Example 26 provides the computer-implemented method of any of the above claims, wherein utilizing the selected audio signal for input to the receiving end of the system includes transmitting the selected audio signal to at least one of a conference, a teleconference, and a network.
Example 27 provides the computer-implemented method of any of the above claims, wherein generating the local score for the respective audio signal includes generating the local score based on at least one of audio quality of the respective audio signal, intelligibility of the respective audio signal, listening effort rating of the respective audio signal, and level of the respective audio signal.
Example 28 provides the computer-implemented method of any of the above claims, wherein each computing device of the plurality of computing devices is autonomous.
Example 29 provides the computer-implemented method of any of the above claims, wherein each computing device of the plurality of computing devices can auto-mute its microphone, auto-mute its loudspeaker, auto-unmute its microphone, and/or auto-unmute its loudspeaker.
The following paragraphs provide various examples of the embodiments disclosed herein.

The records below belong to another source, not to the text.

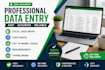 accurate data entry, copy paste, excel and web research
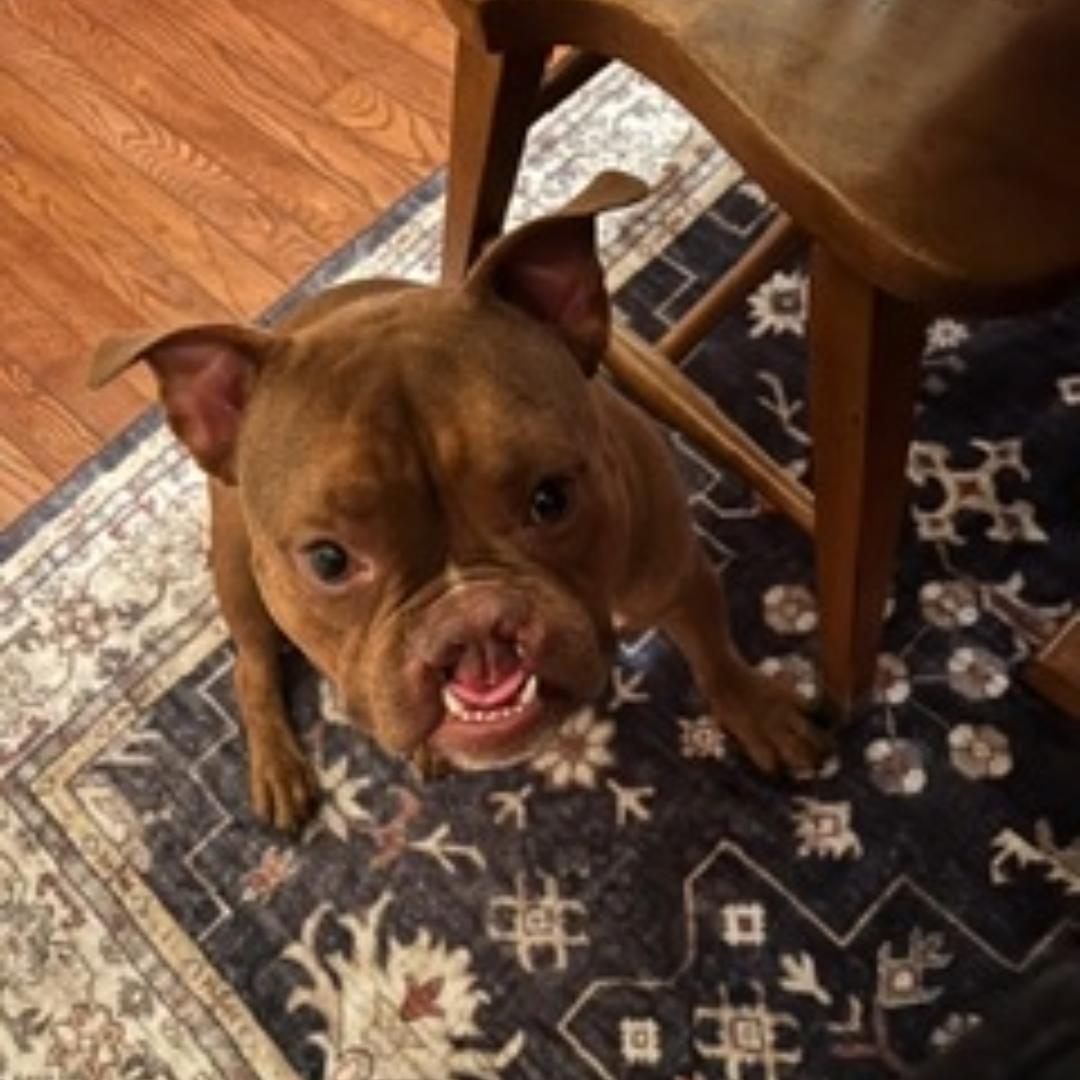 Pumba, a ADOPTABLE mixed breed in Midlothian, VA image 2/5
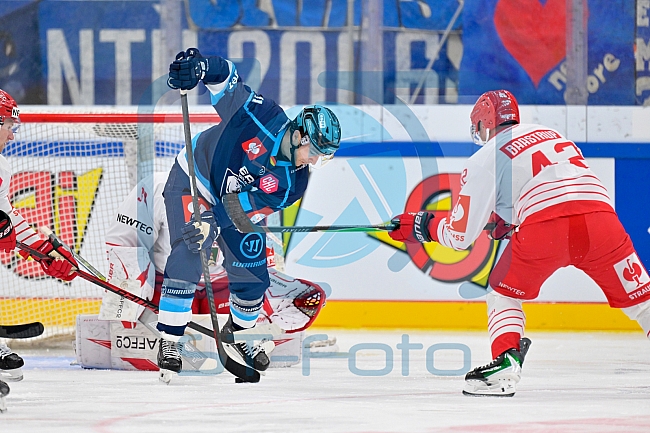 Hockey, Mens, CHL, Season 2025-2026, Regular Season, Game Day 6, ERC Ingolstadt - Odense Bulldogs, 15.10.2025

The above description of illustrated implementations of the disclosure, including what is described in the Abstract, is not intended to be exhaustive or to limit the disclosure to the precise forms disclosed. While specific implementations of, and examples for, the disclosure are described herein for illustrative purposes, various equivalent modifications are possible within the scope of the disclosure, as those skilled in the relevant art will recognize. These modifications may be made to the disclosure in light of the above detailed description.